In 1870, the Seattle Coal Company, incorporated and took over the Lake Washington Coal Company. The Seattle Coal Company planned to sell to California markets, but first had to get transport costs down. To that end, several of the owners formed the Seattle Coal & Transportation Company to  transport the coal. They built a tramway down to Lake Washington, where they loaded the cars onto barges, which were pulled across the lake by tugs, such as the Phantom, Fanny, Chehalis, Linnie C, Gray, and the James Mortie.

At the Montlake Portage they built another tramway that allowed them to carry the coal cars across the isthmus to Portage Bay on Lake Union. At first they used mules to pull the coal cars across the portage, a distance of about one-fourth of a mile. Soon they acquired a locomotive. On the Lake Union side, they loaded the cars back onto barges and towed them to the southern end of the lake. There, a railroad, Seattle's first, was built approximately along the present-day route of Westlake Avenue and Pike Street.

At a bunker -- a large bin-like structure built on pilings out over the water -- the coal cars were dumped down a slide that fed into the bunkers or directly into ships waiting to carry it to San Francisco.

Decidedly a Holiday

The railroad opened on March 22, 1872, and the line's superintendent, Samuel Dinsmore, planned a day of free rides and boat excursions to celebrate. According to The Intelligencer, "Friday last was decidedly a holiday in this city, owing to the opportunity afforded every one to indulge in the novelty of a free ride behind the first locomotive that every whistled and snorted and dashed through the dense forests surrounding the waters of Puget Sound" ("The Railroad Excursion").
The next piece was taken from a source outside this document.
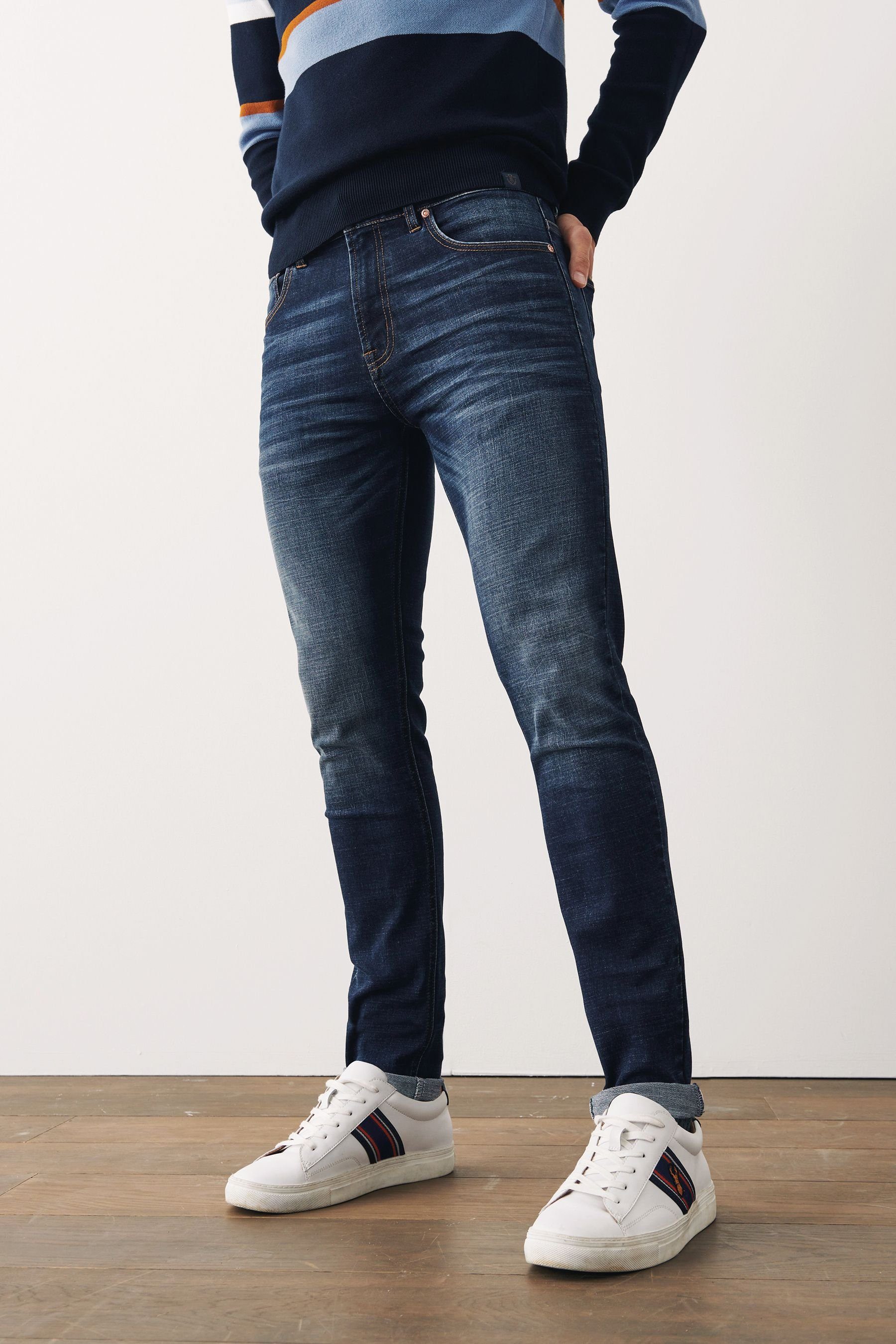 Next Slim-fit-Jeans Motionflex Jeans - Indigo Blue Slim Mid (1-tlg)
The Puget Sound Dispatch also gushed with excitement: "it is the initial of mighty events ... the connection by railroad of ocean commerce with the inland seas, whereby an inexhaustible mine of wealth is opened to perpetual use" ("A Gala Day").

A Difficult Route

The portage route worked before better alternatives existed, but it was less than ideal. In order to move the coal cars between the different modes of transportation, they had to be handled 11 times, increasing costs significantly. The route was used until 1878, when the Seattle & Walla Walla reached Newcastle. This railroad connected the mine directly with the Seattle waterfront by traveling along Lake Washington to the southern end of downtown Seattle and to Elliott Bay. Coal cars only had to be handled twice. At this time the Seattle Coal & Transportation Company abandoned their route. 
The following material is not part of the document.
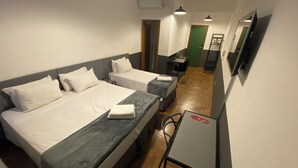 A hotel room with two beds, a desk, a chair, a TV, and a green door. - Samba Belo Horizonte Vintage (Belo Horizonte)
But in that first decade of coal production, the company played a vital role in the development of Seattle's economy. The 790,629 tons of coal sent out of the wharves at Seattle between 1870 and 1880 brought much needed cash into the community and helped further improve the regional transportation network.


Sources:

Kurt E. Armbruster, Orphan Road: The Railroad Comes to Seattle, 1853-1911 (Pullman: Washington State University Press, 1999), 49-59, 128; Clarence Bagley, History of Seattle from the Earliest Settlement to the Present Time (Chicago: S.J. Clarke Publishing Co., 1916); F. E. Melder, "History of the Discoveries and Physical Development of the Coal Industry in the State of Washington," Pacific Northwest Quarterly, April 1938, pp. 151-165; Caroline C. Tobin, "Lake Union and Ship Canal Historical Use Study," typescript dated June 1986, prepared for the City of Seattle Lake Union/Ship Canal/Shilshole Bay Water Quality Management Program, available at Coastal Zone Information Center, Charleston, South Carolina, and online (www.gpo.gov/fdsys/pkg/CZIC-td225-s4-t73-1986/pdf/CZIC-td225-s4-t73-1986.pdf); U.S. Congress, House of Representatives, Report of the Secretary of the Interior, 49 Cong., 1 sess., January 1, 1886, p. 1055; "Coal at Seattle," San Francisco Bulletin, August 26, 1864, p. 2; "A Gala Day," Puget Sound Dispatch, March 28, 1872, p. 3;

"Coal Mining," Clayton Historical Society and Museum website accessed October 24, 2012 (http://www.claytonhistory.org/Pages/coalmining.aspx);

"The Railroad Excursion," The Weekly Intelligencer, March 25, 1872, p. 3.
Note: This essay replaces an earlier essay on the same subject.